Tuesday, November 12, 2013
Discussion on Gatto
Gatto's point is that every public school student is receiving a cookie-cutter education to shape them into average citizens. My group members and I agree with his point because we have had these kinds of parameters posed on ourselves when enrolled in public school systems.
- "Of course, teachers are themselves products of the same twelve-year compulsory school programs that so thoroughly bore their students, and as school personnel they are trapped inside structures even more rigid than those imposed upon the children."
- "The aim.. . is simply to reduce as many individuals as possible to the same safe level, to breed and train a standardized citizenry, to put down dissent and originality."
- "By the time I finally retired in 1991, I had more than enough reason to think of our schools - with their long-term, cell-block-style, forced confinement of both students and teachers - as virtual factories of childishness."
- "Class may frame the proposition, as when Woodrow Wilson, then president of Princeton University, said the following to the New York City School Teachers Association in 1909: 'We want one class of persons to have a liberal education, and we want another class of persons, a very much larger class, of necessity, in every society, to forgo the privileges of a liberal education and fit themselves to perform specific difficult manual tasks.'"
Sunday, November 3, 2013
Reviewing "Zami" by Audre Lorde
“Zami” was a very interesting piece to read.

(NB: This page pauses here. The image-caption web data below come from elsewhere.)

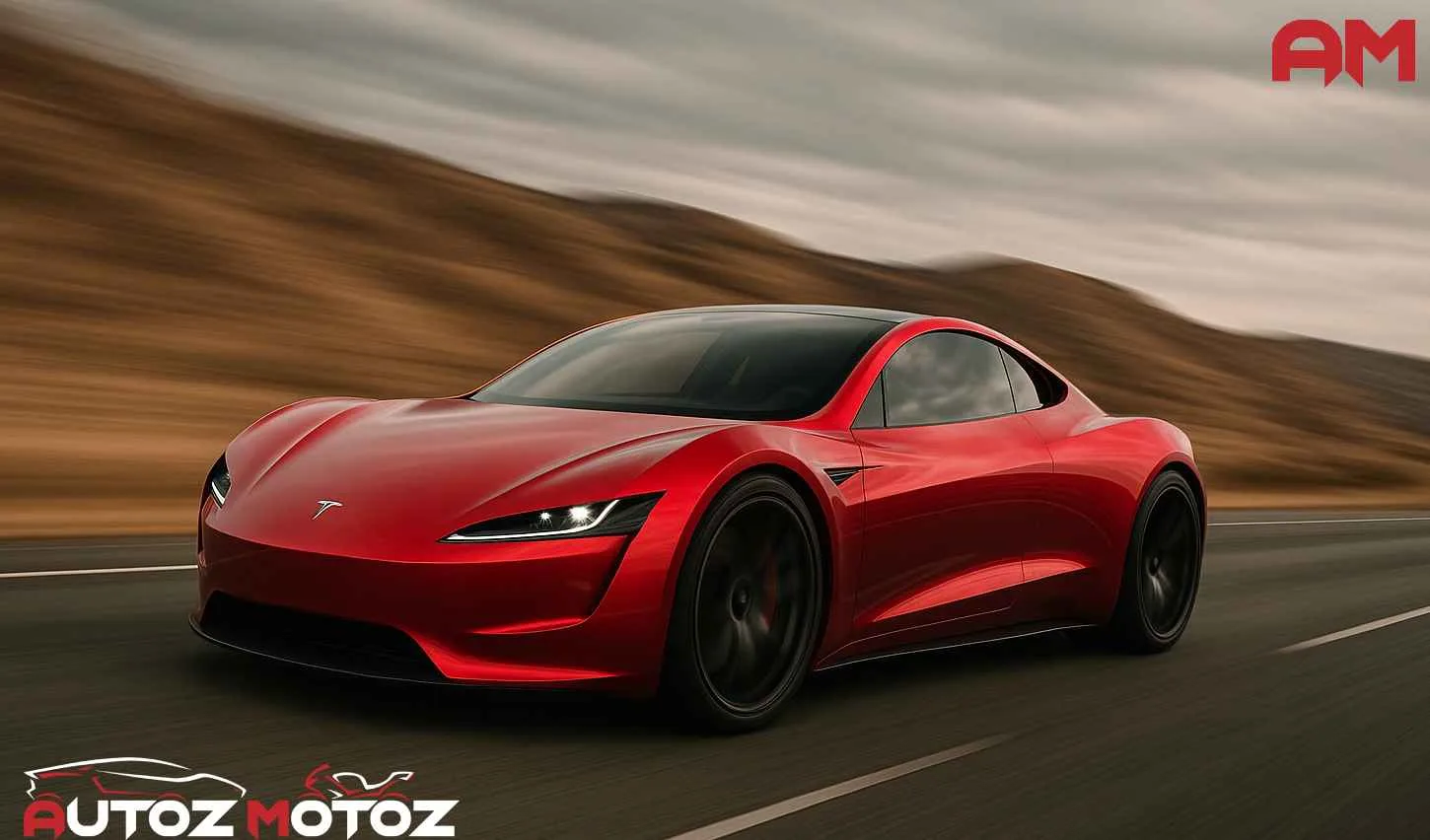 Extreme electric performance Tesla Roadster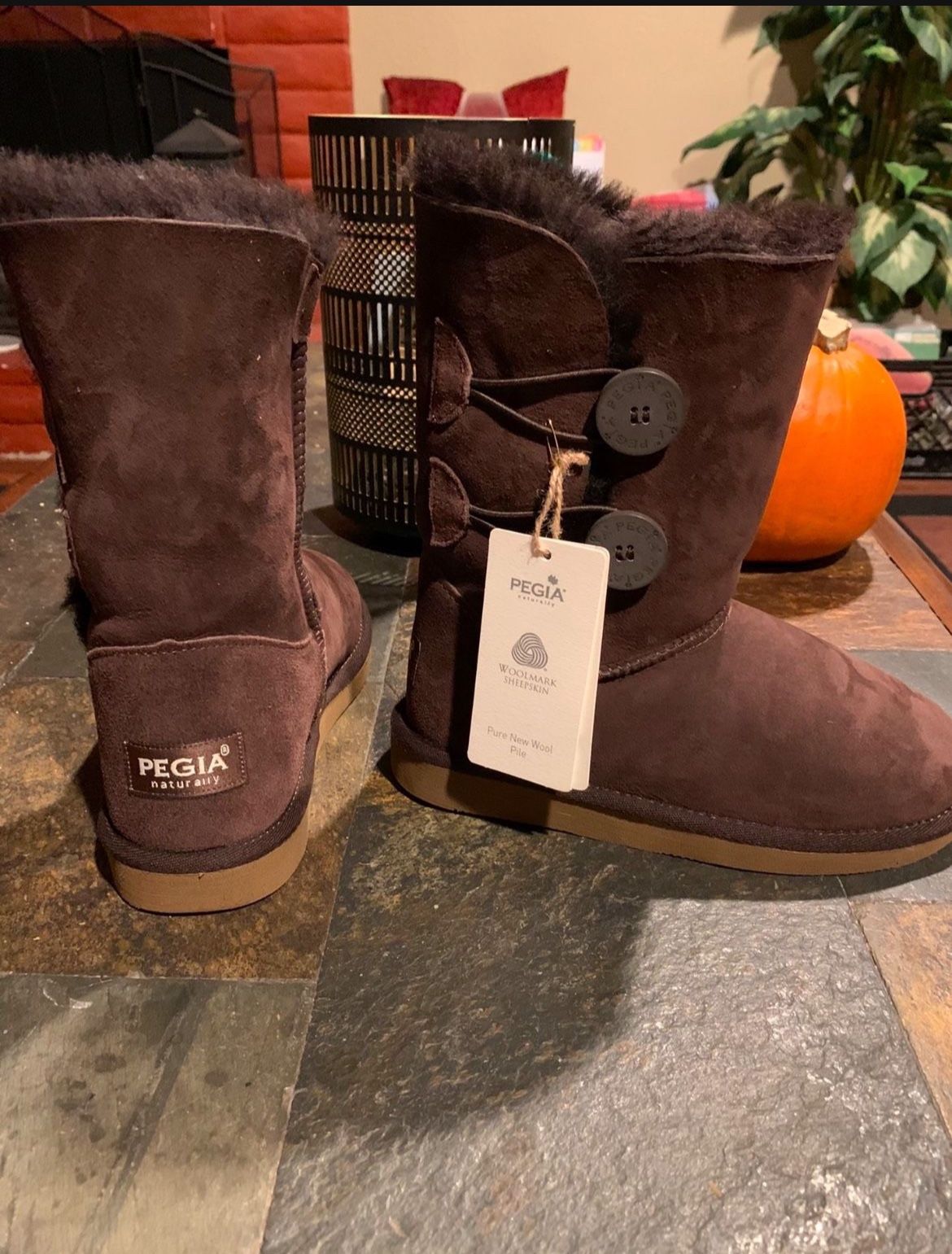 Brand New PEGIA Boots 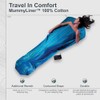 Cocoon Cotton MummyLiner (Nile, 95-Inch x 35/22-Inch)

Audre Lorde
really had a hard time in school because of her vision, and her inability to remember
the order of numbers. This essay really puts you in Audre’s shoes and illustrates
what kind of education she had. One scene that stuck out to me is when her
teacher was telling her to simply draw the first letter of her name of the
paper. Audre, always out to impress wrote her full name out on the paper. The
teacher came over to her desk and exclaimed “Well I never!” Her voice was
sharp. “I thought I told you to draw this letter? You don’t even what to try
and do as you are told. Now I want you to turn that page over and draw your
letter like everyone…” and turning to the next page, she saw my second name
sprawled down across the page. I think
that this clearly illustrates the scene exactly how it happened, and the type
of teaching style that this grade school teacher uses. Audre is trying to
impress her teacher, but the teacher is so strict about following directions,
she doesn’t recognizes Audre’s creativity.